Check out *post #12* to see how to get your wheels aligned . . . . .


----------



## rbhandcrafted (Jan 16, 2014)

Thanks Kevin.. I think I might know what I did. I will update when I get somewhere!


----------



## rbhandcrafted (Jan 27, 2014)

Thank you everyone for your tips and giving me the time to answer my long time problem.

We figured it out! I adjusted the alignment knob...the one they tell you never to touch... So we will fix this soon!

Reactions: Like 1


----------



## barry richardson (Jan 27, 2014)

Great! is that the same thing as the tracking knob?


----------



## rbhandcrafted (Jan 27, 2014)

barry richardson said:


> Great! is that the same thing as the tracking knob?
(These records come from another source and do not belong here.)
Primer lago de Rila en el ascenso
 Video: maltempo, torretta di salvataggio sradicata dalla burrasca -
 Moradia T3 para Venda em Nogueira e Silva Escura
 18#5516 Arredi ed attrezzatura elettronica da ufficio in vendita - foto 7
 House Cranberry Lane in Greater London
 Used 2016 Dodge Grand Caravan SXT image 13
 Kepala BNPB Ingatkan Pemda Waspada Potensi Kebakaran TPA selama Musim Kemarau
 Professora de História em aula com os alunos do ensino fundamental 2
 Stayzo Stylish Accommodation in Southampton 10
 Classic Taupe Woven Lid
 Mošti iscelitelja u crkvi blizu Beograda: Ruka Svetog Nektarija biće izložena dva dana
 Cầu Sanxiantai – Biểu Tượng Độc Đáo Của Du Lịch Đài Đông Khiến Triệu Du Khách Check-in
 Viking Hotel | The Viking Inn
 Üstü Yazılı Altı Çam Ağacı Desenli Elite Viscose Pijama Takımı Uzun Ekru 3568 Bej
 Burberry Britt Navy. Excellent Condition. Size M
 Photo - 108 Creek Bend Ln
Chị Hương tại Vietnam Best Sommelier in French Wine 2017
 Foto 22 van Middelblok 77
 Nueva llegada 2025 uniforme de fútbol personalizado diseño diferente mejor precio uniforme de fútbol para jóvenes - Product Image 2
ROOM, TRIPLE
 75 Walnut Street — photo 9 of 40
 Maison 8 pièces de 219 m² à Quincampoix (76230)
nope, its different. it pushes the wheel from the 9 & 3 position.


----------



## barry richardson (Jan 27, 2014)

Hmmm, never seen a band saw with that feature.....


----------



## barry richardson (Jan 27, 2014)

Where is it located at? I'm not familiar with it...


----------



## rbhandcrafted (Jan 28, 2014)

barry richardson said:


> Where is it located at? I'm not familiar with it...



They are above the tracking knob.. My friends saw I seen yesterday has the same adjustment.. Maybe its for larger saws? ours are 24"


----------



## barry richardson (Jan 28, 2014)

Yea, that could be it. I looked in your saws manual and could find no mention of it, but it's probably in there somewhere...


----------